Im Bereich der Jakobstraße Nord treffen drei Bestrebungen aufeinander: Erstens die seit Jahrzehnten politisch gewünschte Nachverdichtung in Städten, die dem Grundsatz folgt, erst Baulücken zu schließen, ehe außerorts neue Flächen erschlossen werden. Zweitens das ebenfalls weitgehend unumstrittene Ansinnen der politischen Akteure, neuen Wohnraum zu schaffen. Und drittens, beides so zu verwirklichen, dass es verträglich ist für Anwohner, Nachbarn, aber auch für die städtebauliche Entwicklung.

Gemeinderat beschließt Richtlinien für Bau

Was der Gemeinderat am Donnerstagabend beschlossen hat (die SPD-Fraktion hat geschlossen dagegen gestimmt), sind Gebäude, die maximal drei Geschosse und eine Gesamthöhe von zehn Metern haben dürfen.
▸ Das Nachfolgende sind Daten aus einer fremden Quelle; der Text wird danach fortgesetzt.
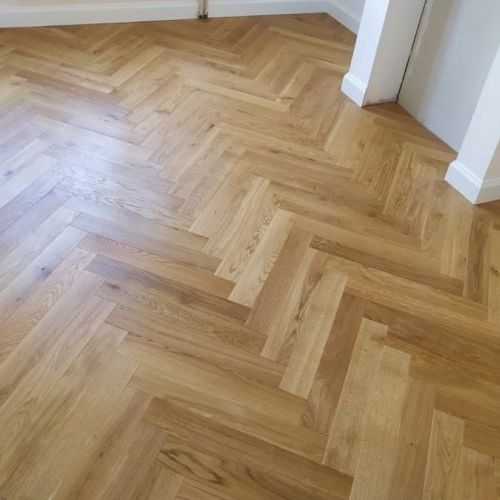 Parquet en Chêne contrecollé bâton rompu, vieilli, huilé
Albrecht Reuß, externer Berater der Firma Citiplan mit Sitz in Pfullingen, hatte dies der Verwaltung auch so vorgeschlagen. Aus mehreren Gründen: Die angrenzenden Gebäude sind in Höhe und Bauweise zu unterschiedlich, um dort die ganz hohen Brocken reinstellen zu können. Selbst eine Höhe von 12,50 Metern hält Reuß für unverträglich, zumal an dieser Stelle Gegensätze aufeinandertreffen. Hier der ehemalige Randbereich des alten Metzingen (mit Martinskirche und Resten ländlicher Elemente entlang der Helferstraße), dort neue Kubatur auf dem ehemaligen Leibfahrth-Areal. Und zwischendrin gibt es einen ökologisch wertvollen Grünzug, wie Reuß in seinem Gutachten schreibt. Das Umfeld ist seiner Einschätzung nach in städtebaulicher Hinsicht „anspruchsvoll und sensibel“, weswegen zehn Meter Höhe das rechte Maß darstelle.

Für die SPD kritisierte Michael Breuer diese Sicht der Dinge. Er sprach sich namens seiner Fraktion für eine Gebäudehöhe von 12,50 Metern aus: „Dadurch sind keine Einschränkungen für die Nachbarn zu erwarten“, sagte er und begründete sein Ansinnen, das er durch einen Antrag untermauerte, mit dem derzeit vielfach besprochenen Wohnungsmangel.

Der SPD-Antrag scheiterte. Vielleicht auch deswegen, weil der Leiter des städtischen Bau- und Planungsamts, Konrad Berger, widersprach: Würden die Häuser um zweieinhalb Meter aufgestockt, ergäbe das kein neues Geschoss. Mehr Wohnungen? Fehlanzeige! Auch der Versuch von SPD-Fraktionsvorsitzender Ulrike Sippli scheiterte. Sie brachte das Posthof-Areal ins Spiel. Dort, so Sippli, habe es ja auch mit höheren Gebäuden funktioniert. Albrecht Reuß warnte vor derlei Überlegungen: Wohnungen zu bauen um jeden Preis sei ein Fehler, den die Politik schon mal begangen habe. Auch Robert Schmid (FWV) riet dazu, nicht in Aktionismus zu verfallen. „Ich halte maßvolles Bauen für wichtig.“ Klaus Rümmelin (Grüne) kritisierte, dass für vier Gebäude vier Tiefgarageneinfahrten vorgesehen sind: „Das ist nicht mehr zeitgemäß.“  Dem widersprach zwar niemand, da es sich aber um private Bauvorhaben handelt, ist es allein Sache der Bauherren, in diesem Punkt eine Übereinkunft zu finden. Es könnte in deren Interesse sein, denn eine statt vier Einfahrten schafft mehr Freifläche für Gärten oder Blumenbeete.

Bernhard Mohr (FDP) blickte weit nach vorne. „Heute“, sagte er, „sprechen wir alle von Wohnungsnot. Die Gebäude, die wir heute bauen, stehen aber noch in 50 Jahren. Gibt es die Wohnungsnot dann auch noch?“

Holger Weiblen (CDU) bekannte sich als jemand, der grundsätzlich dafür ist, in die Höhe zu bauen: „Aber nicht an diesem Standort.“

Auf die Gebäudehöhe werden Photovoltaikanlagen übrigens nicht angerechnet. Und wenn die Bauherren dies wünschen, könnten sie mit Geothermie heizen. Zwar liegt kein Gutachten vor, das dies für die Jakobstraße Nord  zweifelsfrei bestätigt, doch es gibt zahlreiche Metzinger, die auf Geothermie setzen. Metzingen hat viel Wärme zu bieten, ganz bestimmt jedenfalls unter der Erde.